Thursday, August 27, 2009

Jury Convicts Man of Sexual Assault

FORT WORTH -- A Mineral Wells man was found guilty of sexually assaulting the 12-year-old daughter of his girlfriend.

The Tarrant County jury deliberated about two hours Wednesday night before convicting Kenyon Cox of two counts of aggravated sexual assault and two counts of indecency with a child.

However, the jury did not return the verdict until Thursday morning because Cox’s attorney had to leave while the jury deliberated Wednesday night.

A punishment hearing for Cox began immediately after the verdict was read in Criminal District Court No. 2. If prosecutors prove that he had prior felony convictions, he faces up to life in prison on each of the four counts.

Of nine counts, jurors were asked to decide two counts of aggravated sexual assault alleged to have occurred June 8, 2007, and two counts of indecency with a child alleged to have occurred May 1, 2007 — all in White Settlement.

Prosecutors Amy Collum and Hugo Martinez told jurors there was no question that Cox repeatedly sexually assaulted the girl, although she failed to tell anyone about it and denied it to Child Protective Services.

Collum reminded jurors that the girl, now 14, and her two siblings had testified that Cox beat them with a paddle, held a gun to their mother’s head, burned her private area with a torch, held a razor to the chest of the youngest girl, beat their puppy to death with a baseball bat and threatened to kill the family if the older girl reported the abuse.

“Is it any wonder that she would not tell when she was living in hell with this guy?” Collum asked. “Wouldn’t you be afraid?”

The children said they and their mother began living with Cox in 2005, shortly after their parents separated. They lived with Cox’s father in Weatherford until the older man became upset at a severe beating Cox gave the girls’ brother, the boy testified.

The family was living in a motel when Cox gave the older girl an alcoholic drink, then exposed himself and made her perform a sex act, she said.

The girl said the sex acts and fondling continued and included attempts by Cox to have sex with her in their White Settlement apartment while her mother was at work and her younger siblings were in another room.

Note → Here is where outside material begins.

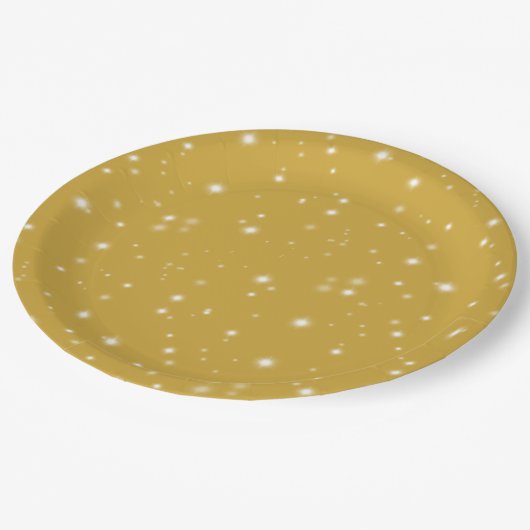 Assiettes En Carton Starlight Boho Gold (Angle)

The boy, now 12, said he didn’t see Cox abusing his sister but heard her say “ow!” from the other room. He said Cox treated her sister differently, sometimes giving her presents. The girl said Cox told her that “if you want me to do something for you, you have to do something for me.”

Defense attorney Pia Rodriguez told jurors that Cox might be “the most violent man in the world” but that it doesn’t mean he sexually assaulted the girl.

She reminded jurors that the girl had repeatedly denied being sexually abused when questioned by CPS workers.

Rodriguez contended that the girl and her brother only made the allegations after CPS officials turned them over to their father, who acknowledged disliking Cox.

Collum said Cox’s multiple escape attempts were evidence that “he knew he did it.”

Two years ago, as police and child-abuse investigators knocked on his door, Cox climbed out a bedroom window with his girlfriend’s three children, including the 12-year-old girl he was sexually assaulting.

A week later, Cox fled from a White Settlement detective who was trying to arrest him on a warrant for aggravated sexual assault based on the girl’s allegations, the detective testified.

And last year, the 32-year-old Mineral Wells man eluded police for two days after he cut off his ankle monitor after being bailed out of the Tarrant County Jail by two former inmates who used proceeds from bank robberies, authorities said.

The two men who bailed Cox out of jail, Thomas Jochum and Donald Mark Scott, are serving time for federal bank robbery convictions. Jochum was sentenced to 20 years in prison for two robberies and Scott to more than nine years for one robbery, Collum said.